Une première boutique nous donne un tarif de réparation de 150 euros. Mais, il nous faut bien avouer avoir eu très peur lors de l’élaboration du devis. La mise en confiance du client est inexistante, les explications sont baragouinées dans un français approximatif, et le pire concernait le devis en lui-même. Notre « réparateur » nous a pris le téléphone des mains, l’a observé, vérifié son modèle puis l’a donné très rapidement à un bonhomme qui traînait dans le coin afin d’emmener notre appareil « dans une autre boutique » pour voir s’il avait la pièce en stock. Nous avons attendu que le coursier de fortune de cette boutique revienne d’on ne sait où avec l’information. En attendant qu’il revienne, nous avons eu tout le loisir d’observer le préposé aux réparations travaillant sur plusieurs téléphones désossés en même temps, ne sachant plus trop bien auquel appartient la pièce qu’il tient entre les bras de sa pince à épiler, et envoyant sur les roses un client qui lui demande comment faire pour accéder au compte iCloud de l’iPhone qu’il tient dans la main (…). Après une bonne vingtaine de minutes qui nous ont paru bien longues, on nous annonce un tarif de 150 euros. C’est cher, surtout quand on sait que le téléphone vaut actuellement 330-350 euros et nous déclinons rapidement l’offre. Face à notre moue dubitative, le gérant lance même un « 140 euros ! » lorsque nous franchissons la porte. Pas sûr que ce soit suffisant pour confier notre précieux ici.

Boutique mobile
Au Nord de Paris, nombreuses sont les boutiques de téléphonie pratiquant les réparations d’écrans.

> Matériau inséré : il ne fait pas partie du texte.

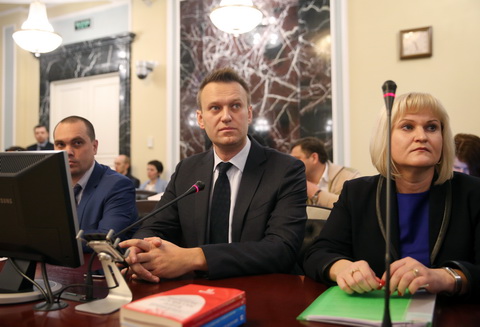 ТАСС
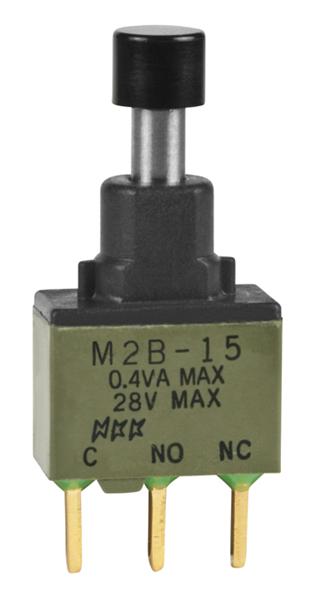 img M2B15AA5G03FA_NKK-Switches.jpg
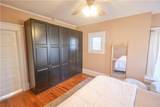 305 Jefferson Street - Photo 50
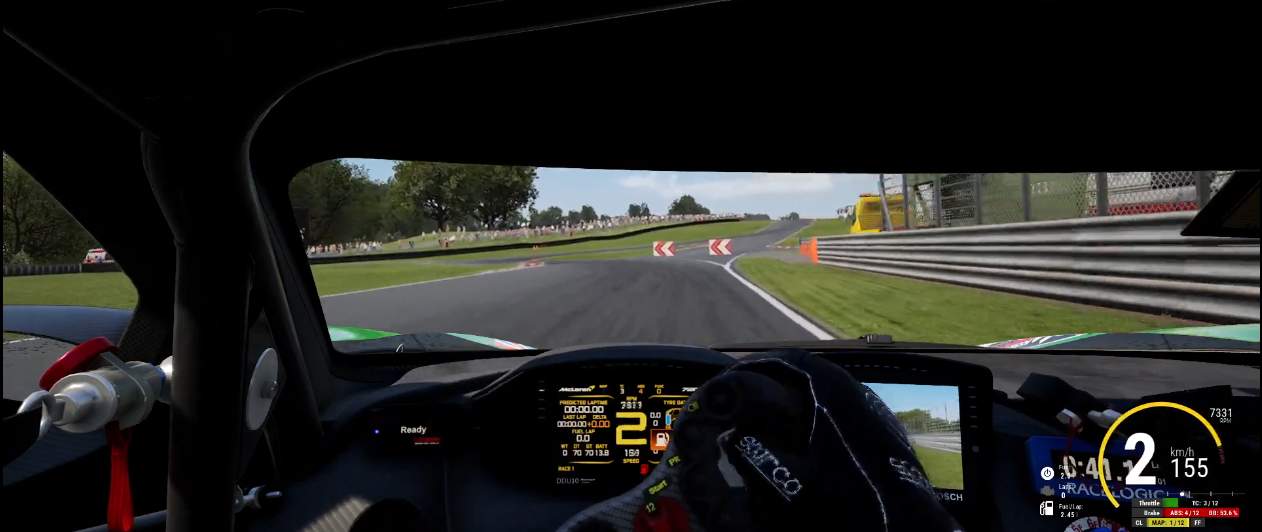 Oulton Park 155.png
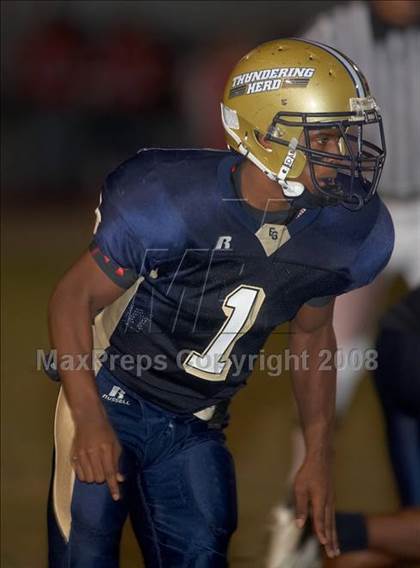 Thumbnail 3 in Pleasant Grove @ Elk Grove photogallery.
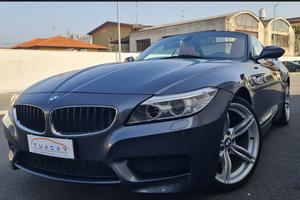 Bmw Z4 18 ì M Sport #9795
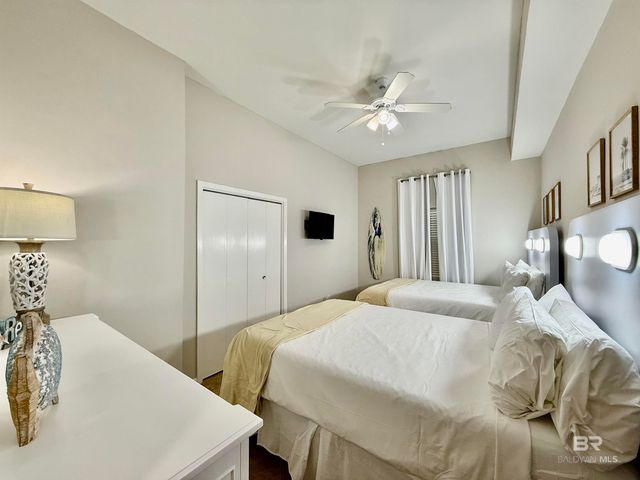24400 Perdido Beach Boulevard 001, Orange Beach, AL 36561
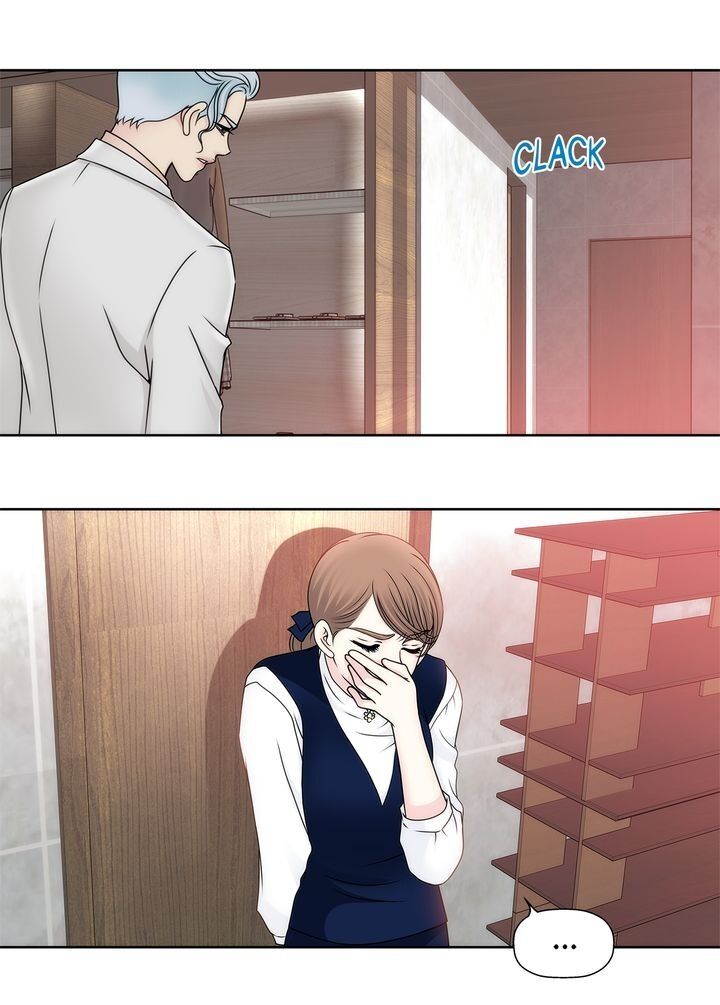 Cinderella’s Man Chapter 51 Page 41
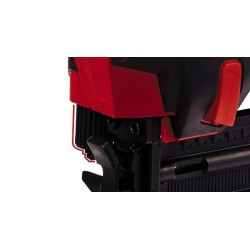Einhell 4257795...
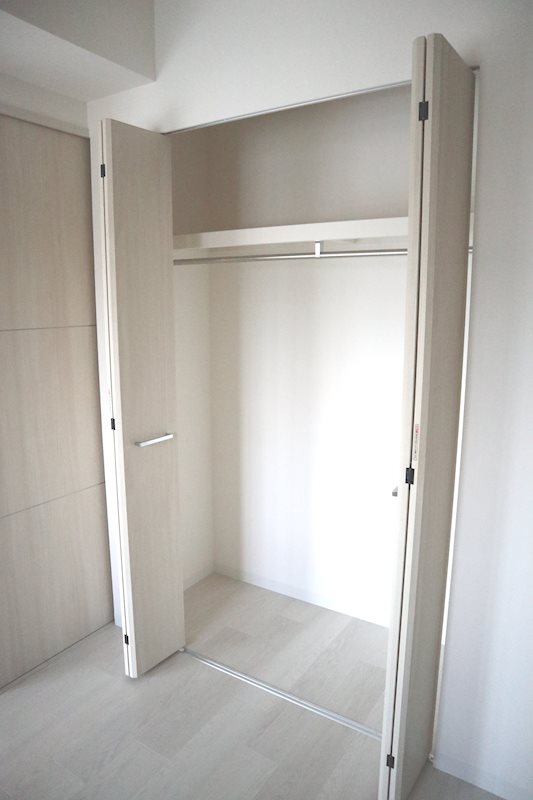 ラ・プリュス その他6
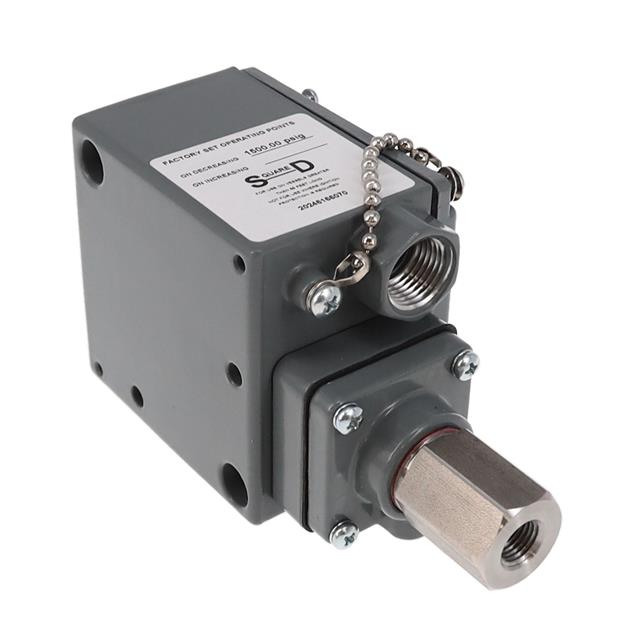 product Photo 9012GCW22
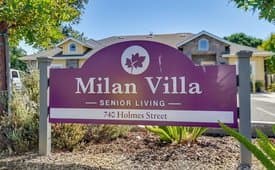 New Haven Care Home in Livermore, CA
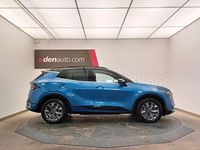 Occasion Kia Sportage GT-Line 230 ch (169 kW) 2022 SUV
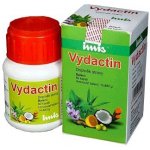 IMIS Pharmaceutical Vydactin 60 kapslí – Hledejceny.cz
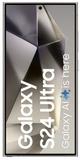 Galaxy S24 Ultra 256GB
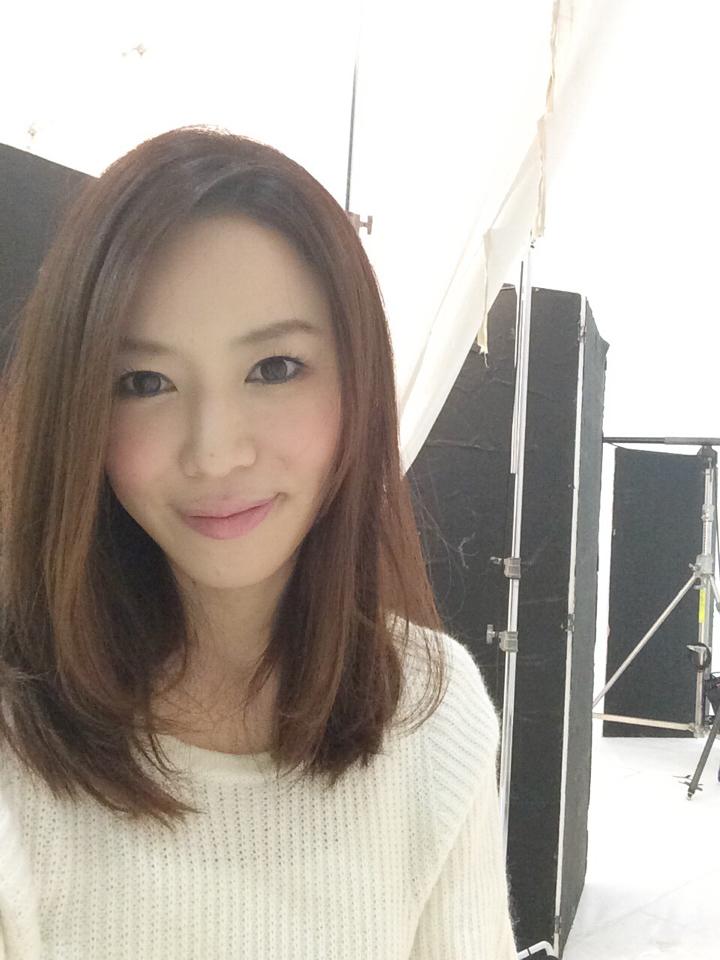 岩本和子 国民美魔女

La seconde est encore plus compréhensive envers notre problème puisqu’après s’être renseignée auprès de son fournisseur (une page sur Internet que nous n’avons pas pu voir), elle nous annonce que la réparation devrait coûter de « 100 à 110 euros ». Le vendeur explique toutefois que pour un appareil comme le Nexus 5, finalement peu répandu, le prix est élevé, car « cela coûte cher de faire venir des pièces en petites quantités ». Il faut du coup attendre plusieurs jours pour que la réparation ait lieu, et autre problème : « il faut remplacer tout le bloc-écran ». En effet, on s’aperçoit que pour des téléphones modernes où la dalle est collée à la vitre, les réparateurs ne prennent pas le risque de changer simplement la vitre, et préfèrent remplacer l’ensemble de l’écran. Du coup, le client paye plus.

Certaines autres boutiques indiquent ne pas avoir les pièces à disposition, ni même chez leurs fournisseurs, preuve que ces derniers sont variés et que ce business se joue aussi à qui sera le moins cher. Si nous avons pris l’exemple du Nexus 5, c’est aussi parce que d’autres modèles, dont le Moto X, sont une plaie à faire réparer à moindre coût. Pour celui-ci, nous avons demandé dans plusieurs boutiques ce qu’ils pouvaient faire et la réponse est toujours la même : rien. Les fournisseurs ne possèdent visiblement pas ce type d’écran, l’AMOLED, et même un réparateur « spécialisé » sur Motorola, auquel nous avons demandé un devis en ligne, nous répond simplement que « la pièce n’est pas disponible ». Intervient donc le problème des différentes technologies d’écrans, et un bon vieux LCD est plus facilement réparable qu’un AMOLED.

 

La solution sûre : le réparateur agréé

Suite à notre appel au SAV de LG, nous sommes partis en direction de la boutique de réparation agréée. Il s’agit d’une boutique Samsung, propre et relativement bien rangée, située en plein milieu du quartier Indien de Paris. Derrière le comptoir dédié aux réparations, deux hommes en blouses blanches nous accueillent. Nous leur exposons alors notre problème d’écran fêlé de Nexus 5. Après avoir regardé sur Internet le prix des pièces, on nous annonce alors un tarif de remplacement de 179 euros, main d’œuvre comprise. La réparation peut d’ailleurs être réalisée très rapidement, « en 40 minutes » nous annonce le réparateur, à condition que la boutique possède les pièces nécessaires au remplacement. Dans notre cas, il restait un écran de Nexus 5 et nous aurions pu repartir avec un smartphone neuf. Reste que payer 179 euros pour remettre à neuf un Nexus 5 alors que celui-ci se trouve à un peu moins de 300 euros reste très onéreux.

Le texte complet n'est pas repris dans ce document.